I've recently gone from being a person who never wears jeans to a creature who owns at least a dozen pairs. Rag & Bone are forever my favorites, but what I really love these days is a great pair of waxed or coated denim skinnies. They add a bit of textural interest to any outfit -- and the rock 'n roll vibe they project is undeniable. The only problem is that they can cost somewhere north of 200 bucks, which is a big OUCH in the wallet. 

But did you know that you can actually make your own waxed denim jeans at home? I myself wasn't aware of this fact until the show I'm currently designing called for a character to wear a pair of leather pants, something we didn't have the budget for. So I bought a $12.95 bar of 100% natural Otter Wax heavy-duty fabric wax and got busy with it, coating a $20 pair of black skinny jeans from Target until they had a classic leather-look sheen to them.

Otter Wax fabric wax bar, $12.95/2.25 oz.

Otter Wax fabric wax bar, $12.95/2.25 oz.

They turned out so good, I decided to make a pair for myself! Otter Wax is ridiculously easy to use -- you just rub the bar into the fabric in a back and forth motion to create friction, smoothing out any lumps or uneven wax spots (like over seams or around the waistband) with your fingers as you go. I did the front of the jeans, allowed the wax to cure for 24 hours, then did the back side and let it cure for another 24 hours in a warm, dry place before wearing them. (Alternatively, you can put your jeans in the freezer to speed up the curing process.) If you just do the front and then flip 'em over immediately to do the back, you risk scraping off the treatment you've just done to the front side while applying pressure to the back side.

The easiest DIY that ever was. If you can manage to smear lotion on your body, you can make these jeans.

The easiest DIY that ever was. If you can manage to smear lotion on your body, you can make these jeans.

One pair of jeans used just shy of a whole bar, so you'll still have some left over for touch ups or treating a tote bag or pair of canvas sneakers. Otter Wax is actually meant for uber-practical uses: waterproofing bags, jackets, hats, camping gear and luggage -- really any fabric item you want to protect from rain, snow and sleet. It's just a cool side benefit that you can also use it to make your jeans more fashionable!

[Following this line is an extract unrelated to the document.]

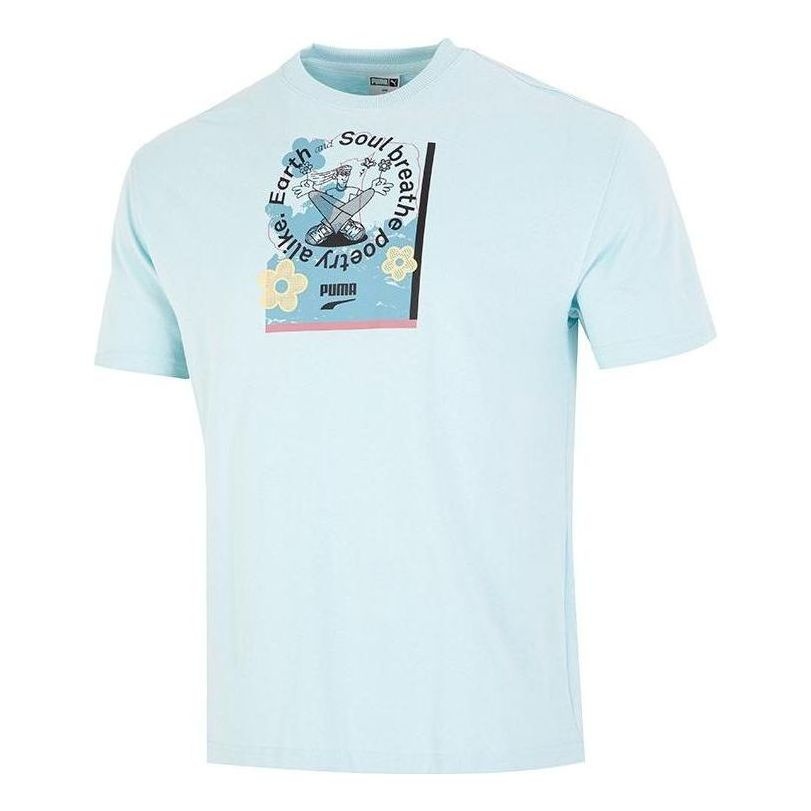 PUMA Downtown Graphic T-Shirt 'Blue' 537739-30 - 1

Otter Wax is made in the USA (Portland, Oregon, to be exact) of pure beeswax (along with other plant-based waxes and oils) and contains absolutely no petroleum, paraffin or silicone. It has a very faint woodsy scent, not overpowering at all -- and the smell fades once your item is cured. Plus, the packaging the bar comes in is made of 100% post-consumer materials, so waste is kept to a minimum.

The finished product! (2 days later...)

The finished product! (2 days later...)

Washing any pair of waxed or coated jeans is a challenge -- and I've never washed mine, exactly. l mean, like, ever. It's true that you can put a pair of jeans in the freezer for a few hours to kill odor, but sometimes you just need a little soap and water to get rid of actual, factual dirt and grime buildup. You can indeed wash a pair of jeans that you've coated with Otter Wax -- you just need to be extra careful! And that means using the right soap. 

Regular laundry detergent will strip the wax right off of a treated garment, so the best way to wash a waxed item is to soak it inside out in a bucket filled with cold water and a few tablespoons of pure, liquid castile soap. Pure castile soap is vegetable based, so it won't break down the wax like proper detergent will. Otter Wax makes a castile-soap based canvas cleaner, but you can just as easily use a bit of Dr. Bronner's that you may have lurking in your bathroom.

Swish your inside-out waxed jeans around in the cold soapy water mixture for about five minutes, using a rag to gently scrub the non-waxed side of the garment if necessary. Rinse thoroughly in cold water, leave them inside out, and hang to dry. Once your jeans are completely dry (at least a good 24 hours or so) you can touch up any areas where the wax has worn down. Et voilà! Now any old pair of jeans can look like they cost you a pretty penny when they actually didn't.